[lttng-dev] Using lttng-ust with xenomai

Norbert Lange nolange79 at gmail.com
Fri Nov 22 12:44:58 EST 2019


Am Fr., 22. Nov. 2019 um 16:52 Uhr schrieb Jan Kiszka <jan.kiszka at siemens.com>:
>
> On 22.11.19 16:42, Mathieu Desnoyers wrote:
> > ----- On Nov 22, 2019, at 4:14 AM, Norbert Lange nolange79 at gmail.com wrote:
> >
> >> Hello,
> >>
> >> I already started a thread over at xenomai.org [1], but I guess its
> >> more efficient to ask here aswell.
> >> The basic concept is that xenomai thread run *below* Linux (threads
> >> and irg handlers), which means that xenomai threads must not use any
> >
> > I guess you mean "irq handlers" here.
> >
> >> linux services like the futex syscall or socket communication.
> >>
> >> ## tracepoints
> >>
> >> expecting that tracepoints are the only thing that should be used from
> >> the xenomai threads, is there anything using linux services.
> >> the "bulletproof" urcu apparently does not need anything for the
> >> reader lock (aslong as the thread is already registered),
> >
> > Indeed the first time the urcu-bp read-lock is encountered by a thread,
> > the thread registration is performed, which requires locks, memory allocation,
> > and so on. After that, the thread can use urcu-bp read-side lock without
> > requiring any system call.
>
> So, we will probably want to perform such a registration unconditionally
> (in case lttng usage is enabled) for our RT threads during their setup.

Who is we? Do you plan to add automatic support at xenomai mainline?

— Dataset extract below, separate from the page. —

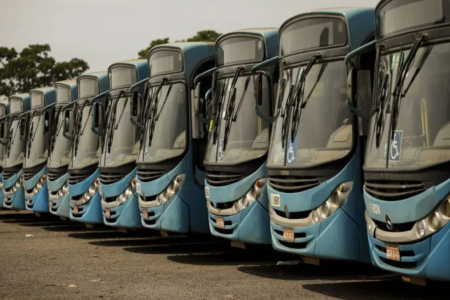 Frota de ônibus em Salvador, na Bahia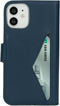 Mobiparts iPhone 12 Mini - Classic Wallet Case - Ruimte voor pasjes - Blauw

But yes, some setup is likely needed if one wants to use lttng


> >
> > That's indeed a good point. I suspect membarrier may not send any IPI
> > to Xenomai threads (that would have to be confirmed). I suspect the
> > latency introduced by this IPI would be unwanted.
>
> Is an "IPI" a POSIX signal here? Or are real IPI that delivers an
> interrupt to Linux on another CPU? The latter would still be possible,
> but it would be delayed until all Xenomai threads on that core eventual
> took a break (which should happen a couple of times per second under
> normal conditions - 100% RT load is an illegal application state).

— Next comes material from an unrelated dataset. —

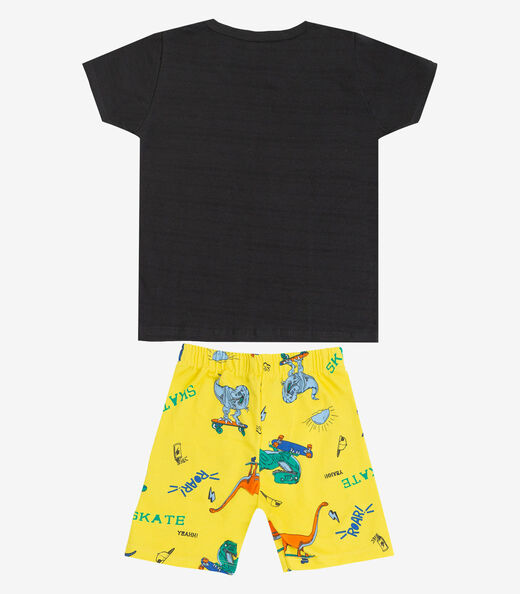 Conjunto Infantil Masculino Select Amarelo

Not POSIX, some inter-thread interrupts. point is the syscall waits
for the set of
registered *running* Linux threads. I doubt Xenomai threads can be reached that
way, the shadow Linux thread will be idle and it won't block.
I dont think its worth extending this syscall (seems rather dangerous actually,
given that I had some deadlocks with other "lazy schemes", see below)

>
> >
> >> liburcu has configure options allow forcing the usage of this syscall
> >> but not disabling it, which likely is necessary for Xenomai.
> >
> > I suspect what you'd need there is a way to allow a process to tell
> > liburcu-bp (or liburcu) to always use the fall-back mechanism which does
> > not rely on sys_membarrier. This could be allowed before the first use of
> > the library. I think extending the liburcu APIs to allow this should be
> > straightforward enough. This approach would be more flexible than requiring
> > liburcu to be specialized at configure time. This new API would return an error
> > if invoked with a liburcu library compiled with --disable-sys-membarrier-fallback.
> >
> > If you have control over your entire system's kernel, you may want to try
> > just configuring the kernel within CONFIG_MEMBARRIER=n in the meantime.
> >
> > Another thing to make sure is to have a glibc and Linux kernel which perform
> > clock_gettime() as vDSO for the monotonic clock, because you don't want a
> > system call there. If that does not work for you, you can alternatively
> > implement your own lttng-ust and lttng-modules clock plugin .so/.ko to override
> > the clock used by lttng, and for instance use TSC directly. See for instance
> > the lttng-ust(3) LTTNG_UST_CLOCK_PLUGIN environment variable.
>
> clock_gettime & Co for a Xenomai application is syscall-free as well.

Yes, and that gave me a deadlock already, if a library us not compiled
for Xenomai,
it will either use the syscall (and you detect that immediatly) or it
will work most of the time,
and lock up once in a while if a Linux thread took the "writer lock"
of the VDSO structures
and your high priority xenomai thread is busy waiting infinitely.

Only sane approach would be to use either the xenomai function directly,
or recreate the function (rdtsc + interpolation on x86).
Either compiling/patching lttng for Cobalt (which I really would not
want to do) or using a
clock plugin.
If the later is supposed to be minimal, then that would mean I would
have to get the
interpolation factors cobalt uses (without bringing in libcobalt).

Btw. the Xenomai and Linux monotonic clocks arent synchronised at all
AFAIK, so timestamps will
be different to the rest of Linux.
On my last plattform I did some tracing using internal stamp and
regulary wrote a
block with internal and external timestamps so those could be
converted "offline".
Anything similar with lttng or tools handling the traces?